Kings College London unveils £20m law scholarship programme
The Dickson Poon School of Law at King's College London has launched the largest ever scholarship programme for law in the UK and Europe, with a £20m gift from the school's benefactor, Hong Kong businessman Dickson Poon. Eighty law scholarships will be available in 2013, with up to 75 covering all or part of the fees available to undergraduates enrolling in 2013 and up to five worth £90,000 each for post graduate PhD students. The scholarships will not be means tested.
November 14, 2012 at 07:30 PM
3 minute read
The Dickson Poon School of Law at King's College London has launched the largest ever scholarship programme for law in the UK and Europe, following a £20m gift from the school's benefactor, Hong Kong businessman Dickson Poon (pictured).
Eighty law scholarships will be available in 2013, with up to 75 covering all or part of the fees available to undergraduates enrolling in 2013 and up to five worth £90,000 each for post graduate PhD students. The scholarships will not be means tested.
Twenty five of the undergraduate scholarships are worth full home/EU fees for all years of study, with the remaining 50 worth £18,000 over three years. The five PhD scholarships are for £90,000 each over three years, which the university says represents the largest amount ever awarded to individual legal research students.
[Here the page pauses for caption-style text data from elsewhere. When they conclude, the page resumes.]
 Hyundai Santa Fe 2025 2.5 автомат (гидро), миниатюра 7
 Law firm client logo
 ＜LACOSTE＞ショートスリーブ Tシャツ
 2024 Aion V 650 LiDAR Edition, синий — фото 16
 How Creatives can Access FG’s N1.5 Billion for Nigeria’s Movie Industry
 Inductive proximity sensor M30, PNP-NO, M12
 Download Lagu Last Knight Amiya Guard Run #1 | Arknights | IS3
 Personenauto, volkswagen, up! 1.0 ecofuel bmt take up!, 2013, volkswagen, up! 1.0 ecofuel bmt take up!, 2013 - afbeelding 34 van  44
Conditions of the programme include reserving 15 of the 75 undergraduate scholarships for students from China and Hong Kong. Meanwhile 10 full fee undergraduate scholarships will be reserved for the university's LLB course, 10 for the "Politics, Philosophy and Law" course, while in 2013/14 five will be reserved for the dual English Law & French Law degree.
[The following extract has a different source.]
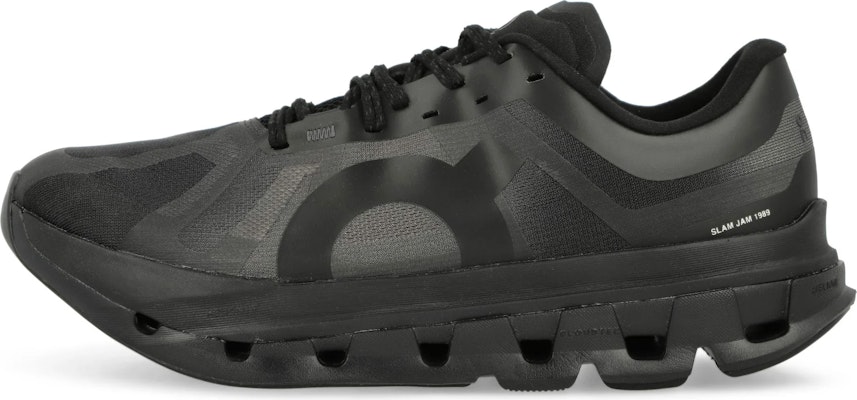 Slam Jam x On Cloudflow 5 'Gull Black' 3MF10483879 Buy Slam Jam x On Cloudflow 5 'Gull Black' 3MF10483879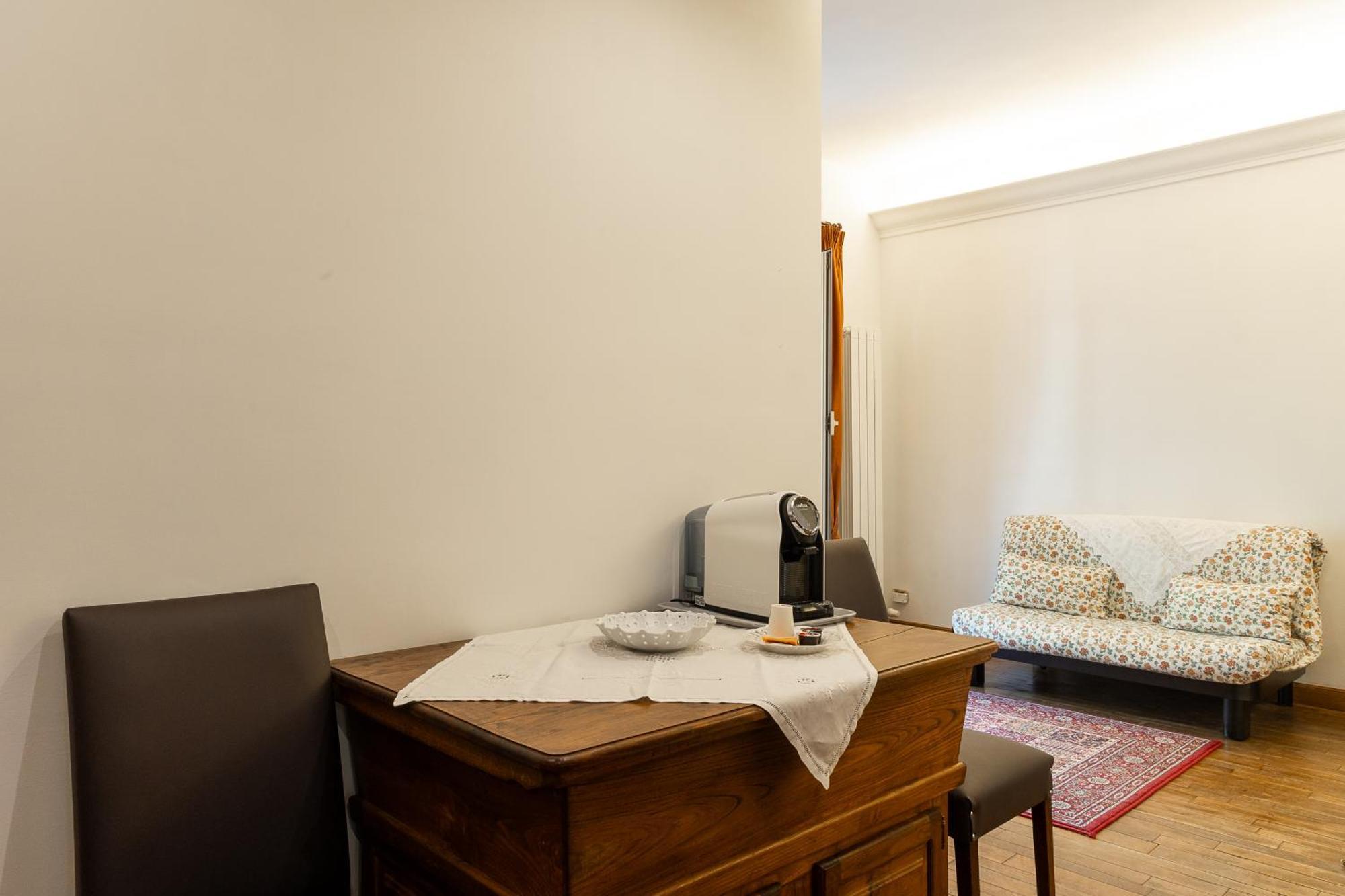 רומא Altobelli Apartment מראה חיצוני תמונה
The scholarships use Harvey Nichols' chairman Poon's £20m donation, which was matched by the school to create a £40m pot for improving the school and boosting teaching and research. The scholarships will be awarded to students displaying "not only academic excellence, but…outstanding leadership potential and life ambition".
King's Vice Principal Professor Sir Lawrence Freedman confirmed the programme, which is worth more than £2m a year is set to run for around a decade, with the university also intending to raise further funds for future scholarships.
Speaking about the scholarship selection procedure, Freedman added: "It's [made on] merit basically. The college does quite a lot for widening participation. We'd hope that these scholarships would go to students who would otherwise be dissuaded from studying at university because of fee costs."
Poon said: "My donation and the establishment of these scholarships is part of the ambition I share with the law school at King's College London, to set new standards in legal education and research.
"The scholarships will help to enable exemplary students with academic agility and unlimited ambition to develop into future global leaders in all areas of law, business, education and civil society."
One senior executive at a law school commented:"Personally I think this is fantastic news particularly if the scholarships can aid social mobility. As for moving Kings up the ranks, [it] is already near the top of the tree globally so I don't suppose it will make much difference!"
King's College London was assisted on the establishment of the £40m investment programme by long term legal advisers Mills & Reeve, led by corporate partner Neil Burton.